Codexes from previous Editions are IRRELEVANT.

Caps are lazy emphasis, not voice raising.


----------



## Stephen_Newman (Jul 14, 2009)

I am in the FW units to be allowed in games camp. So long as it is plain obvious they are not used in games that are not apocalypse. 

As to how I am normally allowed to use my Corsairs in a GW store. Firstly I am friendly with the manager and other staffers as well as most of the regulers. I am polite so I at least put out a good impression and as such others trust me not to treat. Secondly, regardless of my opponents skill, I always give my Imperial Armour 11 book to anyone who might want to play against me with at least a couple of hours before I play. This gives them time to read through my rules so they can tell what all my stuff dies well before we play.

Never had anyone refuse to play my Corsairs. Although that may be because I make crazy lists like an all deep strike list with lots of jetpacks...


----------



## VanquisherMBT (Apr 18, 2012)

Stephen_Newman said:


> all my stuff dies well before we play.


And people say FW can be OP, yours dies well before you even play


----------



## Sethis (Jun 4, 2009)

HOBO said:


> As with this entire argument there are a whole gamut of different opinions, and some are agreed upon and some aren't. By 'overpowered' and 'unbalanced, and yes I should have wrote Units not Codexes', many of us (on Heresy and lots of other sites) include GK, SW, BA, IG, Necrons amongst them....there are a lot of Threads/Posts started about the various Units in these Codecii stating how OP etc they are, so I don't agree with your disagreement to my viewpoint on this. Doesn't make either of our opinions invalid though.

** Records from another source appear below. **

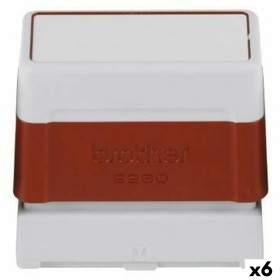 Sellos Brother 22 x 60 mm Montura Rojo (6 Unidades) de Brother, Sellos y materiales para sellos - Ref: S8421106, Precio: 53,4...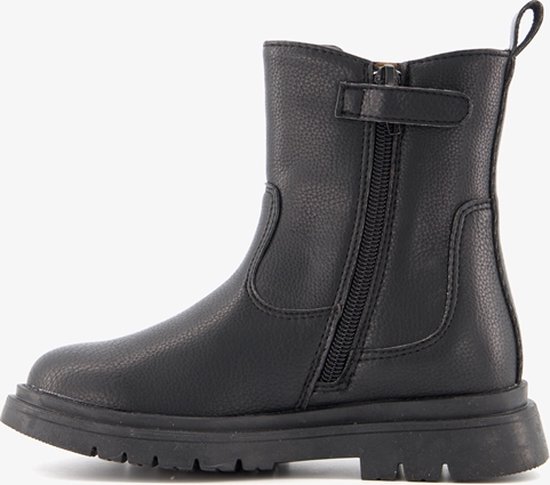 Blue Box meisjes chelsea boots met luipaardprint Zwart Uitneembare zool Maat 24 bol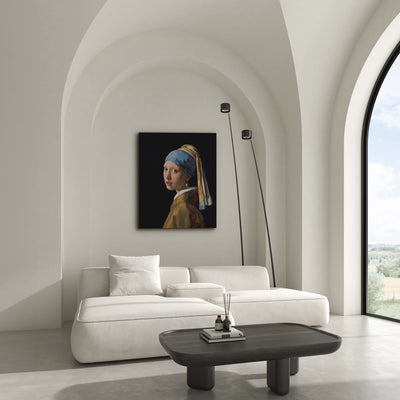 Quadro Ragazza con Orecchino di Perla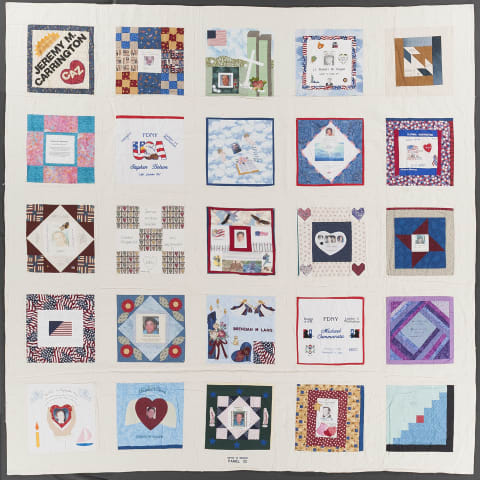 United in Memory 9/11 Victims Memorial Quilt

I'm not entirely sure what you're saying here. Either that almost every single 5th Ed codex is overpowered, or that almost every 5th Ed codex has at least 1 overpowered unit in it somewhere.

If your argument is the former, I would suggest that you are the one fielding an underpowered army i.e. one not designed for this edition of the game or one designed by people who do not understand game balance (Forgeworld).

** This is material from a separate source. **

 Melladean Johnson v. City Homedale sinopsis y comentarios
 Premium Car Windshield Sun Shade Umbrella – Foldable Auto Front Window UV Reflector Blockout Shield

If it is the latter I will point out that every single army book ever has had some units that are better than others. Always. Pointing at Long Fangs and screaming "OP" just ignores Gunline 4th Ed, Herohammer 3rd Ed and the entire Eldar codex in 2nd Ed. There have always been both terrible units (normally in the FA slot) and excellent units (normally in Elites or HS) in the same codex. The design team have admitted that they design some units to be better than others. Unless you want to start labelling some of these units as "Overpowered XL" vs "Overpowered XXXL" at which point the whole idea becomes rather laughable, you just need to find out which units are good and which are bad, and buy more of the good ones if you want to win games.



HOBO said:


> No sorry, but this has far more to do with the actual gamer (who I'd call out as a WAAC'er, and as you know I'm in the FW camp, so should give you an insight to how 'fair' a gamer I am), than FW models and Rules. You anti-FW'ers always throw this argument up about people fielding an Apoc-only FW super-heavy model into a standard 40K game as a means to cast all FW players into the same class, that being a WAAC'er, and it simply is not the case, and I actually would not believe you if you told me that every FW user who you've ever played against did field a super-heavy.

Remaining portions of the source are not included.